What needs to be done – Output each entry in full so that the result matches the data exactly.

*** Begin section ***

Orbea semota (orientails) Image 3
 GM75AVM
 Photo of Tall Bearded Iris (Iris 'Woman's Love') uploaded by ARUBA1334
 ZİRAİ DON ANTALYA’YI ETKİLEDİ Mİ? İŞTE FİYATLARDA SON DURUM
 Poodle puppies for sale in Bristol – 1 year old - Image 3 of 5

*** End section ***

Reply to the task –
Orbea semota (orientails) Image 3
 GM75AVM
 Photo of Tall Bearded Iris (Iris 'Woman's Love') uploaded by ARUBA1334
 ZİRAİ DON ANTALYA’YI ETKİLEDİ Mİ? İŞTE FİYATLARDA SON DURUM
 Poodle puppies for sale in Bristol – 1 year old - Image 3 of 5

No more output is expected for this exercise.